De lo dicho, se colige que en esta obra tienen también cabida afectos y sentimientos como la amistad, la comprensión, el humor, la tristeza, etc. Pero todo ello apreciado desde el presente del yo narrador mediante una perspectiva agridulce, entre irónica e irrisoria; un enfoque que se manifiesta ya en el mismo título de la obra: ‘Ardor guerrero’ no es sino una feroz ironía, porque a este enunciado radicalmente duro ‑o percibido como tal‑ va a corresponder un contenido a menudo desmitificador de ese emblemático sintagma tomado del himno de infantería. Por eso, como dice Jon Juaristi (1), si es cierto que hay ironía allá donde se aplica una energía desmesurada a la consecución de un objeto deleznable, irónica es la descripción que hace Muñoz Molina en el cap. IV de ese tren que «como un convoy jurásico crujía tan hondamente como debe de crujir el mundo con las sacudidas de la deriva continental […], que silbaba como los trenes blindados de la guerra y empezaba a oírse el ritmo poderoso de sus articulaciones metálicas […]. El tren era como una pensión franquista y el viaje parecía que iba a durar como una vida entera»; en el tren viajaban cientos y cientos de reclutas para servir a la patria «con una indignidad como de civiles en tiempo de guerra, de prisioneros o deportados. […] Estábamos cruzando España entera, o por lo menos la España insoportable del 98, el país estepario que tanto le gustaba a aquellos individuos, que lo recorrerían sudando bajo trajes negros con los hombros nevados de caspa, la España de Don Quijote y la del Cid y la de Azorín y Unamuno». Hay también ironía, no desprovista de humor agrio, en la visión casi esperpéntica de esos enormes almacenes de la mili en los que, para alimento de los reclutas, cada mañana acogen «Aludes de bollos, […] cordilleras de sacos de patatas, de judías y lentejas, torreones y muros de latas de piña, de leche condensada y de melocotón en almíbar, avenidas de cuartos traseros de vacas argentinas y montañas de cajas de cartón que resultaban contener millares de conejos, sacrificados y congelados en la República Popular China veinte años atrás».

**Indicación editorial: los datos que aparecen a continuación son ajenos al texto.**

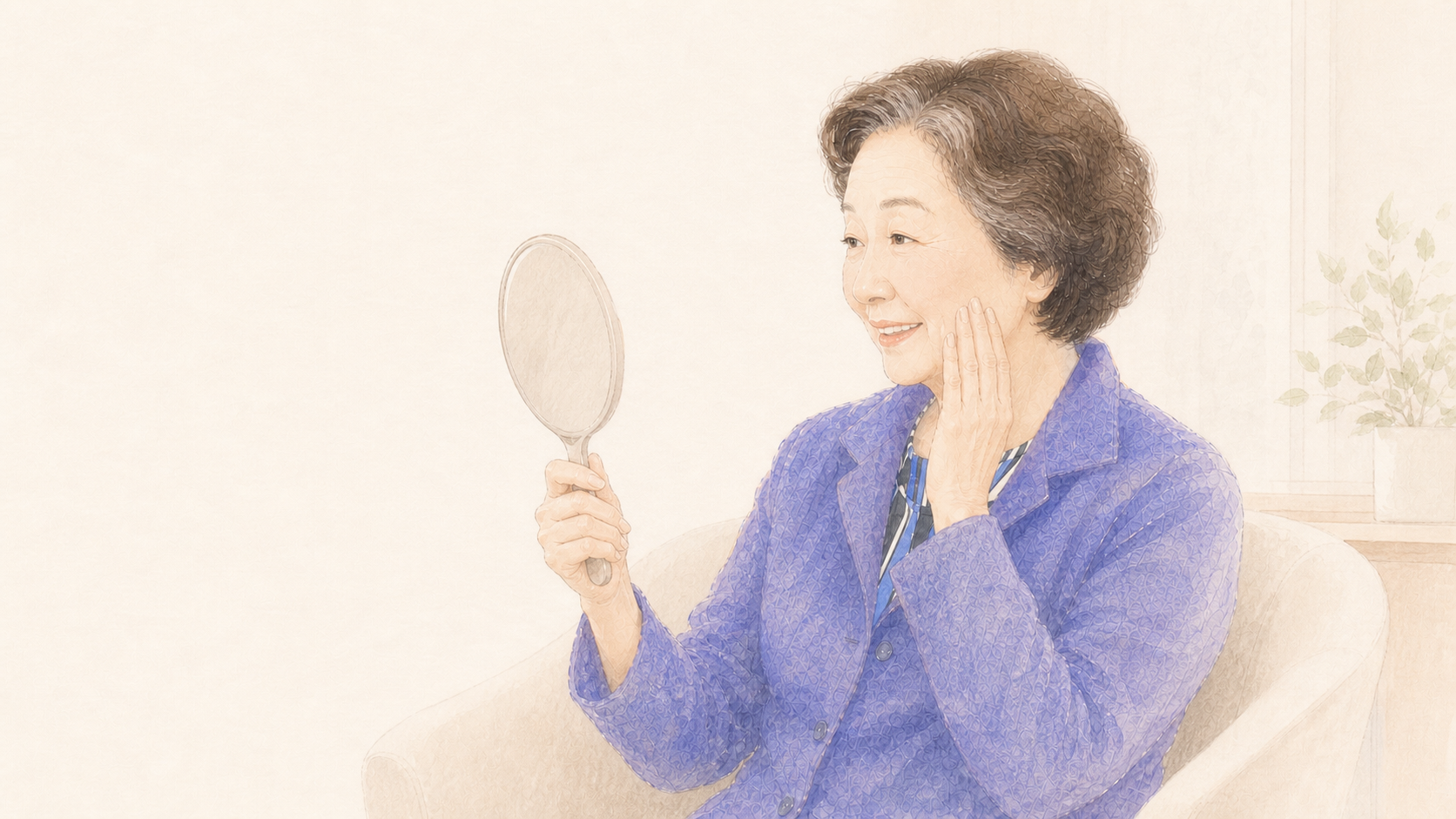 手鏡で自分の顔を見ている80歳の患者様をイメージした水彩イラスト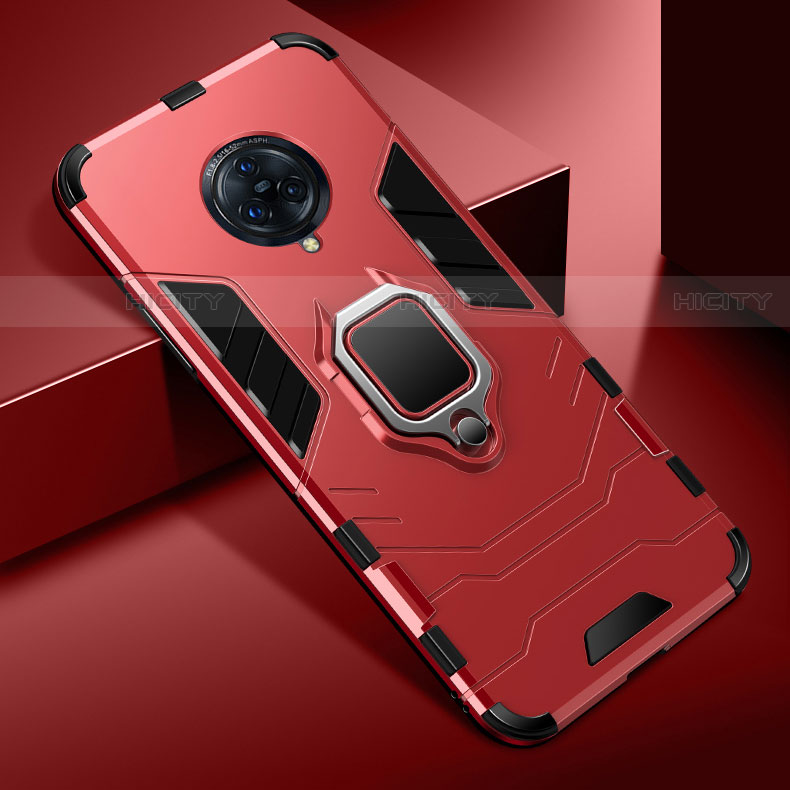 Custodia Silicone e Plastica Opaca Cover con Magnetico Anello Supporto per Vivo Nex 3 Rosso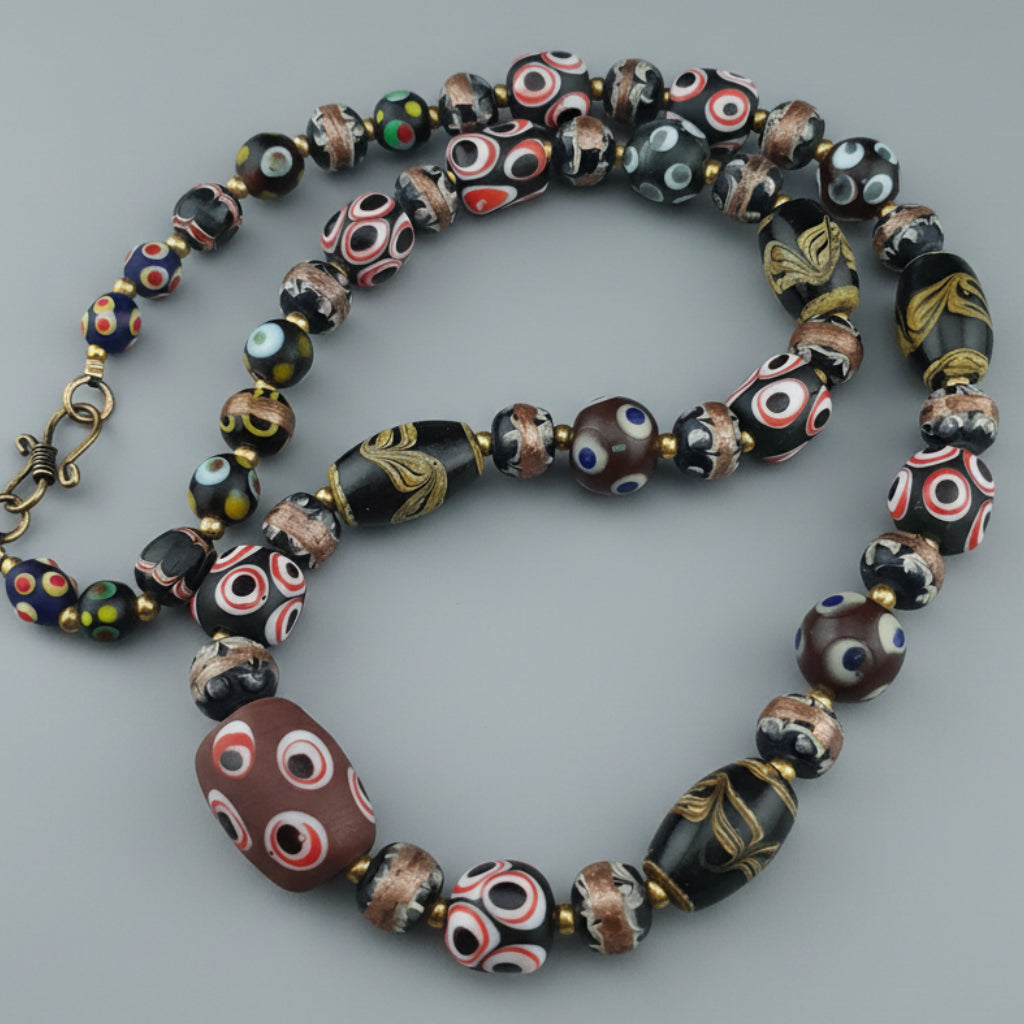 Antique Venetian Style Skunk Eyes & Mix Glass Beads Necklace
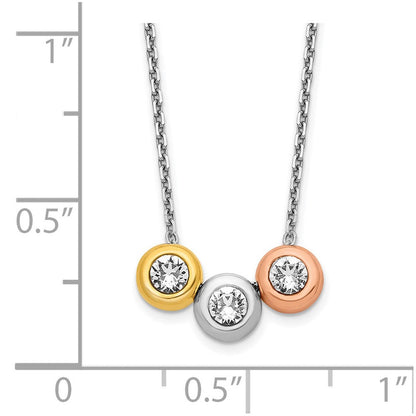 Sterlingsilber Rhodium-plate Gold/roséfarben Dreifach Kristall Halskette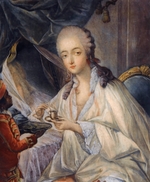 Gautier Dagoty, Jean-Baptiste André - Jeanne Bécu, comtesse Du Barry (1743-1793) bei einer Tasse Kaffee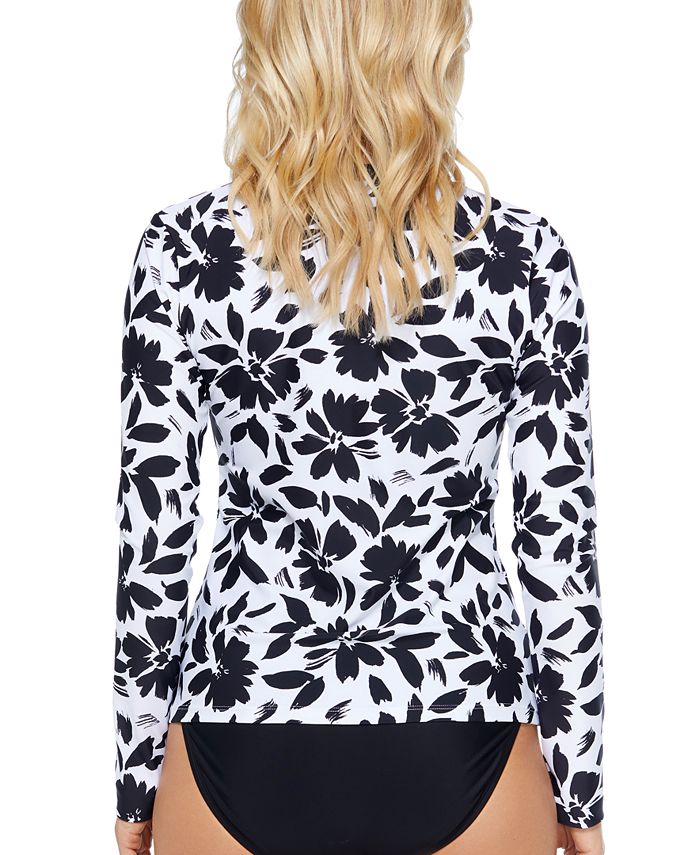 Island Escape Printed HalfZip LongSleeve Rash Guard, Created for Macy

Como hay ironía, no desprovista de humor esperpéntico, en la descripción de la cocina como «estómago insaciable, intestino muladar del Regimiento», que cada mañana «tenía una trepidación de fábrica y una oscuridad de fragua de Vulcano; […] era un reino de fogones de gas y de marmitas inmensas de pochasco caliente y espeso como lava». En una de ellas se bañará, para guasa y regocijo de los veteranos, un recluta ‘conejo’ llamado el “Monstruo de las Galletas” (Cap. XVIII). Hay ironía, sin duda ‑y amarga‑, en el testimonio de ese ritual llamado la Jura de Bandera, durante la cual, «algunos padres y familiares particularmente patrióticos adelantaban el cuerpo sobre las tribunas y aplaudían como en un palco taurino», mientras «La vehemencia roja y amarilla de las banderas y de las arengas tenía un sabor hiriente de fiesta nacional, de un rojo y un amarillo excesivo, como un guiso con demasiado pimentón y demasiado colorante. Era la retórica del africanismo, la retórica corrupta, incompetente, chulesca y beoda del ejército de África en los años 20; era la brutalidad exhibicionista, de la legión inventada por Millán Astray, con su mezcla de mutilaciones heroicas y de sífilis; y, al mismo tiempo, la brutalidad fría, casta y católica, de la legión mandada por Franco: la misma capacidad de odio combinada con un lirismo polvoriento y tardío de teatro romántico y una catolicidad intransigente, gallinácea, de mesa camilla y santo rosario» (p. 16).

Y hay, finalmente, ironía, en la visión lamentable y estremecedora que Muñoz Molina nos relata de esa mili de finales de los años 70 donde ‑como dice Juaristi en la citada entrevista‑ «300 000 españoles recién convertidos en ciudadanos con derecho a voto perdieron miserablemente un año largo de sus vidas en tareas de Sísifo, en guardias, marchas y contramarchas, carruseles y grotescas clases teóricas, donde se les obligaba a aprender una Geografía y una Historia que apestaba a burricie franquista, bajo la vigilancia de sádicos instructores y chusqueros frustrados».

(1) Jon Juaristi: El País, “Babelia”, abril de 1995.